Data section:
★ ★ ★ ★ ★
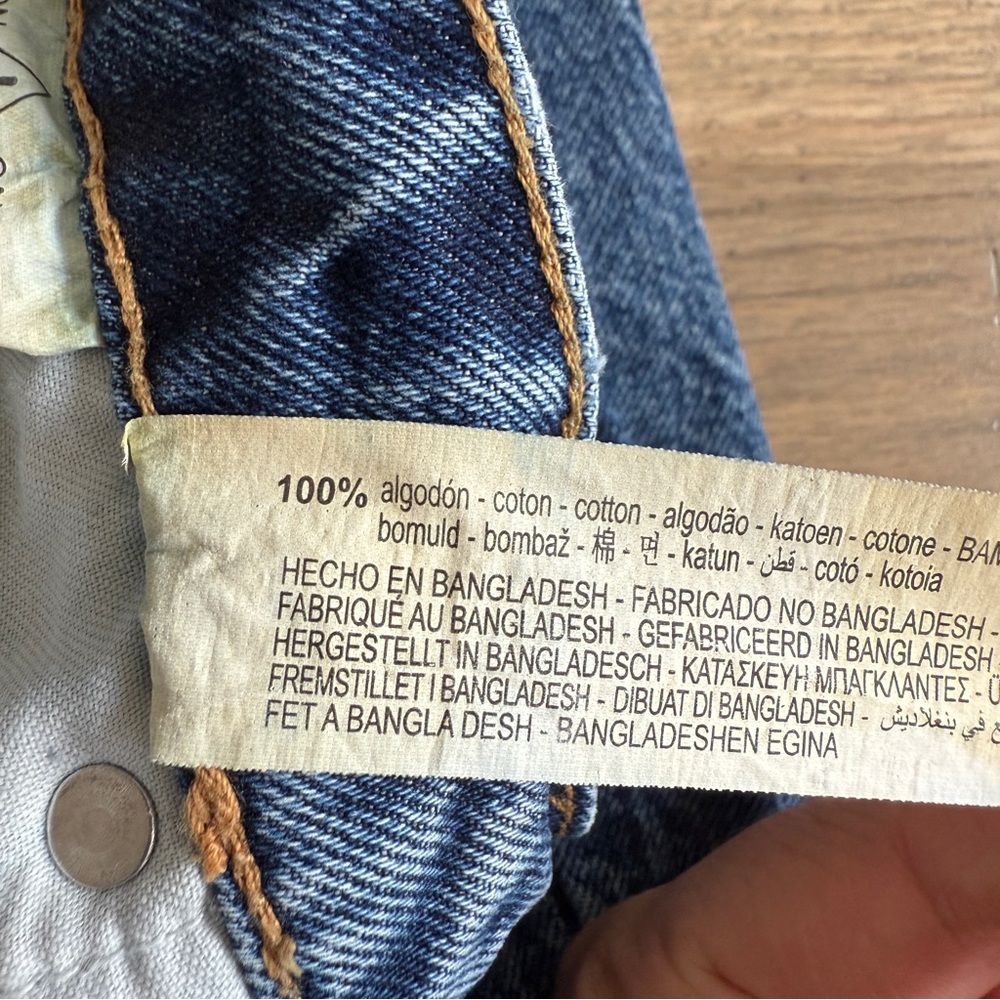 Zara High Rise Mom Fit Acid Wash Jeans - Picture 6 of 6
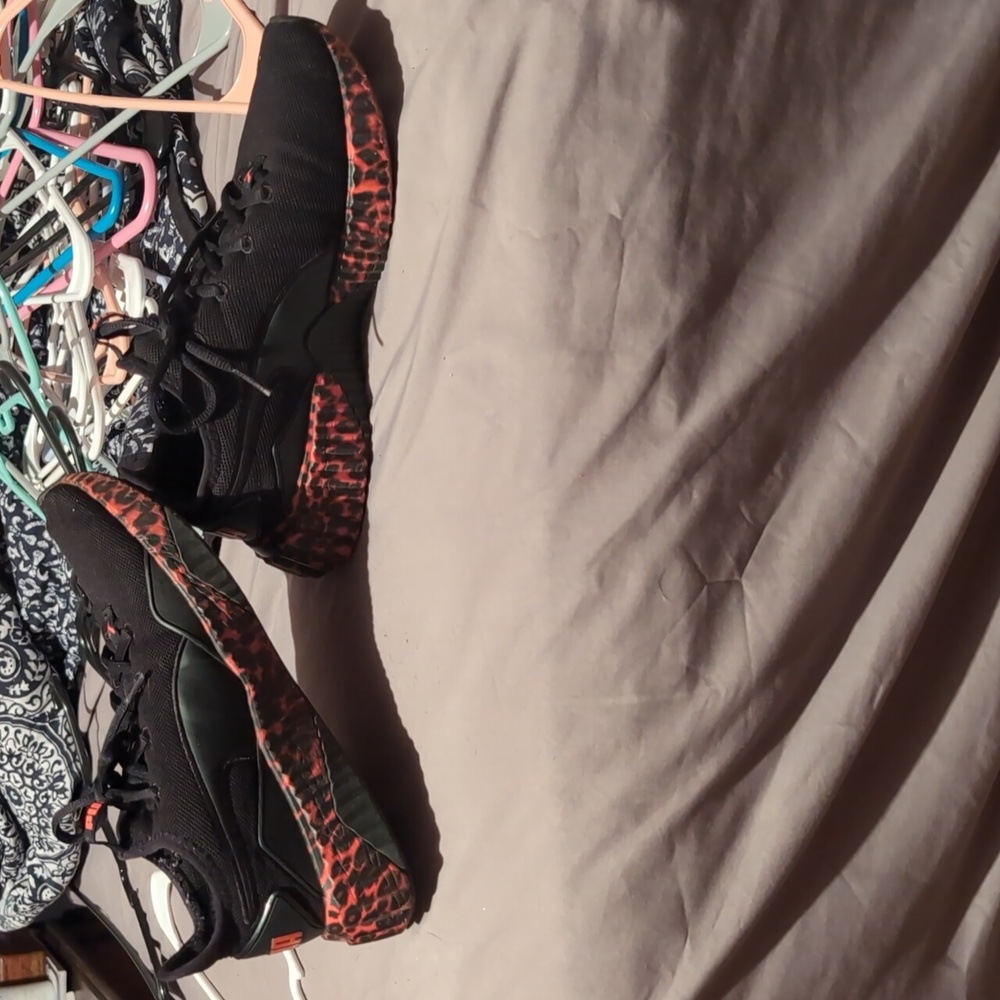 Puma running shoes cheetah print pink bottoms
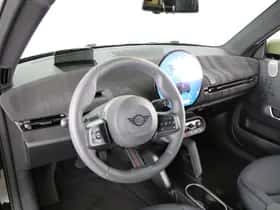 MINI Cooper (2026) thumbnail 15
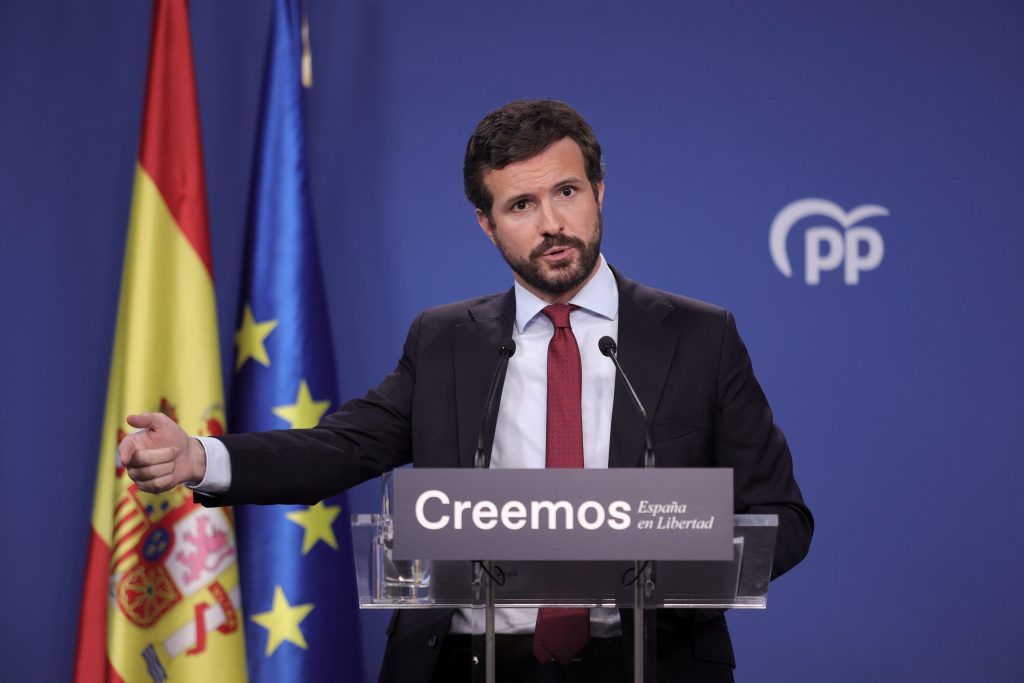Casado se reúne mañana con los barones del Partido Popular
★ ★ ★ ★ ★
Assignment: Pictures stay out; everything else in the listing above gets repeated exactly.

Answer:
 Zara High Rise Mom Fit Acid Wash Jeans - Picture 6 of 6
 Puma running shoes cheetah print pink bottoms
 MINI Cooper (2026) thumbnail 15
Casado se reúne mañana con los barones del Partido Popular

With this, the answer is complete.